使用公开卷搭建Stable Diffusion 1.5模型图片生成服务

在快速入门中，你已经创建了一个简单的应用。在这个示例中，我们使用公开卷中存放的Stable Diffusion 1.5模型文件，实现一个基于Stable Diffusion 1.5模型的图片生成在线服务。

登录EVERAI客户端

首先，为你的应用创建一个目录，进入应用目录后，需要使用你从EverAI获取到的token进行登录。

everai login --token <your token>

创建密钥

如果你已经为你需要访问的镜像仓库创建过密钥，或者你的镜像仓库可以被公开访问，这一步是可选的。

在这个例子中，我们会为quay.io创建一个密钥。

everai secret create your-quay-io-secret-name \
  --from-literal username=<your username> \
  --from-literal password=<your password>

小贴士

quay.io是一个知名的公共镜像仓库，与之类似的知名镜像仓库还有Docker Hub，GitHub Container Registry，Google Container Registry等。

此外，还需要为访问Hugging Face的token设置一个密钥。

everai secret create your-huggingface-secret-name \
  --from-literal token-key-as-your-wish=<your huggingface token>

创建configmap

该步骤可选，如果你配置了configmap，你可以在部署镜像后使用configmap调整你的自动扩缩容策略。

everai configmap create sd15-configmap \
  --from-literal min_workers=1 \
  --from-literal max_workers=5 \
  --from-literal min_free_workers=1 \
  --from-literal scale_up_step=1 \
  --from-literal max_idle_time=60

编写你的代码

基本设置

这是一个关于app.py的示例代码。

首先，引入必要的EverAI Python类库。然后定义所需要用到的变量名，包括卷，访问镜像仓库的密钥，以及存放在卷中的文件等。使用Image.from_registry静态方法创建一个镜像实例。通过App类来创建定义一个app实例。

这里需要注意的是，你需要为你的应用配置GPU资源，这里配置的GPU型号是"A100 40G"，GPU卡的数量是1。

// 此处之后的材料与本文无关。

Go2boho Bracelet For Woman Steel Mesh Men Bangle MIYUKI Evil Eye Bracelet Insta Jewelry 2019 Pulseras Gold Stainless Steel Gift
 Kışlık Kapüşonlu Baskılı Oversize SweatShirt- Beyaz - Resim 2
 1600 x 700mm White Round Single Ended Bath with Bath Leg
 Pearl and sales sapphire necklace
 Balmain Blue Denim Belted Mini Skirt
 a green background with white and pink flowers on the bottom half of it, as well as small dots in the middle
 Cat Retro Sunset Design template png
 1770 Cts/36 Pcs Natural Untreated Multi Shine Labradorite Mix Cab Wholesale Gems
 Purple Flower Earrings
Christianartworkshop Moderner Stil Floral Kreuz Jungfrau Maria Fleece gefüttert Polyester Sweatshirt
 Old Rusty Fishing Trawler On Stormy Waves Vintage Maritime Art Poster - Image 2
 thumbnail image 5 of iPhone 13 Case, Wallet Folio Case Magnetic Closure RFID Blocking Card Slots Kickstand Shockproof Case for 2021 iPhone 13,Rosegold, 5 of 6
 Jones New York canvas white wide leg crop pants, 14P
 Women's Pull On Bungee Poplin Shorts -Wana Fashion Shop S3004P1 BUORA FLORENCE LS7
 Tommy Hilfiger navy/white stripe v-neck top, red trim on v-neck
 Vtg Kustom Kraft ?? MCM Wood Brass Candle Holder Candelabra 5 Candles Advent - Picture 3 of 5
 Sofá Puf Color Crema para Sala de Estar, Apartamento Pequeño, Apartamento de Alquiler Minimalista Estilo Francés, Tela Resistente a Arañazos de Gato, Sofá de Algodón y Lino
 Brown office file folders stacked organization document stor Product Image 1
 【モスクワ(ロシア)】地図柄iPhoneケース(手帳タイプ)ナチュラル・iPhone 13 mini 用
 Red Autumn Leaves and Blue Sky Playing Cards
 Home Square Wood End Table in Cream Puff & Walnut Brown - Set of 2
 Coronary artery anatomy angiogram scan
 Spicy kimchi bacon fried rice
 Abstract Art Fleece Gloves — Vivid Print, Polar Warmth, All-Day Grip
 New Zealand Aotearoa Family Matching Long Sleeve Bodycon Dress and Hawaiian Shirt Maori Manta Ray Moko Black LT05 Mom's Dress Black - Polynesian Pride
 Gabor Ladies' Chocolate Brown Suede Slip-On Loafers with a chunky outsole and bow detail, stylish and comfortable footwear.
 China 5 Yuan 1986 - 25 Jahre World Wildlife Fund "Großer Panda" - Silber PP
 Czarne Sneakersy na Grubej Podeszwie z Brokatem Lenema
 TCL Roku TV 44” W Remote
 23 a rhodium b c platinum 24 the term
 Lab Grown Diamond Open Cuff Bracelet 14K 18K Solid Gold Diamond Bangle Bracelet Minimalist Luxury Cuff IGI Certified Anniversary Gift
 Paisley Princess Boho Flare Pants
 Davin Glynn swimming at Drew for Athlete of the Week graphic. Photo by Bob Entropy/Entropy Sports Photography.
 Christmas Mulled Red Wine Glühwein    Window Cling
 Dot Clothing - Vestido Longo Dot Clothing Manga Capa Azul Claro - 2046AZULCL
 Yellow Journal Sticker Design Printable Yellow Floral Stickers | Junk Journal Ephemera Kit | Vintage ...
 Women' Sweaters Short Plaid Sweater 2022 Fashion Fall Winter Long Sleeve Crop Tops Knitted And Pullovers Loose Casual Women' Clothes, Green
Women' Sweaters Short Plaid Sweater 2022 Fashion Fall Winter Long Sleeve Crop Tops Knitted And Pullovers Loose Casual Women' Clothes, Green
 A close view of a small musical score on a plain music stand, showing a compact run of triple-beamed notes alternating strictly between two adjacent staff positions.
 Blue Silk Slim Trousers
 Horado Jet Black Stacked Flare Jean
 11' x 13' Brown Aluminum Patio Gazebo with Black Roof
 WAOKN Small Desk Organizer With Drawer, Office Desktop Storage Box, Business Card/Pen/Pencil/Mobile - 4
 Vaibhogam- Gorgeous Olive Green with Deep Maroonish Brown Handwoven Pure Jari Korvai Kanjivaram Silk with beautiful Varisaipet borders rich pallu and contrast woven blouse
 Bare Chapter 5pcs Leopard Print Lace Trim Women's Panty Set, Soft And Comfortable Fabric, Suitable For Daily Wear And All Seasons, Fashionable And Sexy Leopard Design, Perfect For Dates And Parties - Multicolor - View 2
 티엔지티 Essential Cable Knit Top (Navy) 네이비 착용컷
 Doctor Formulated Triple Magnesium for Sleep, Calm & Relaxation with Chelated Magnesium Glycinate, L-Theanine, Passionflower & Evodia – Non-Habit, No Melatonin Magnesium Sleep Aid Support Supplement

from everai.app import App, context, VolumeRequest
from everai_autoscaler.builtin import FreeWorkerAutoScaler
from everai.image import Image, BasicAuth
from everai.resource_requests import ResourceRequests, CPUConstraints
from everai.placeholder import Placeholder
from image_builder import IMAGE

APP_NAME = '<your app name>'
VOLUME_NAME = 'everai/models--runwayml--stable-diffusion-v1-5'
QUAY_IO_SECRET_NAME = 'your-quay-io-secret-name'
HUGGINGFACE_SECRET_NAME = 'your-huggingface-secret-name'
MODEL_NAME = 'runwayml/stable-diffusion-v1-5'
CONFIGMAP_NAME = 'sd15-configmap'

image = Image.from_registry(IMAGE, auth=BasicAuth(
        username=Placeholder(QUAY_IO_SECRET_NAME, 'username', kind='Secret'),
        password=Placeholder(QUAY_IO_SECRET_NAME, 'password', kind='Secret'),
    ))
    
app = App(
    APP_NAME,
    image=image,
    volume_requests=[
        VolumeRequest(name=VOLUME_NAME),
    ],
    secret_requests=[
        QUAY_IO_SECRET_NAME,
    ],
    configmap_requests=[CONFIGMAP_NAME],
    autoscaler=FreeWorkerAutoScaler(
        # keep running workers even no any requests, that make reaction immediately for new request
        min_workers=Placeholder(kind='ConfigMap', name=CONFIGMAP_NAME, key='min_workers'),
        # the maximum works setting, protect your application avoid to pay a lot of money
        # when an attack or sudden traffic
        max_workers=Placeholder(kind='ConfigMap', name=CONFIGMAP_NAME, key='max_workers'),
        # this factor controls autoscaler how to scale up your app
        min_free_workers=Placeholder(kind='ConfigMap', name=CONFIGMAP_NAME, key='min_free_workers'),
        # this factor controls autoscaler how to scale down your app
        max_idle_time=Placeholder(kind='ConfigMap', name=CONFIGMAP_NAME, key='max_idle_time'),
        # this factor controls autoscaler how many steps to scale up your app from queue 
        scale_up_step=Placeholder(kind='ConfigMap', name=CONFIGMAP_NAME, key='scale_up_step'),
    ),
    resource_requests=ResourceRequests(
        cpu_num=2,
        memory_mb=20480,
        gpu_num=1,
        gpu_constraints=[
            "A100 40G"
        ],
        cpu_constraints=CPUConstraints(
            platforms=['amd64', 'arm64']
        ),
        cuda_version_constraints=">=12.4"
    ),
)

预加载模型

你可以使用我们提供的公开卷everai/models--runwayml--stable-diffusion-v1-5中的模型文件加载模型。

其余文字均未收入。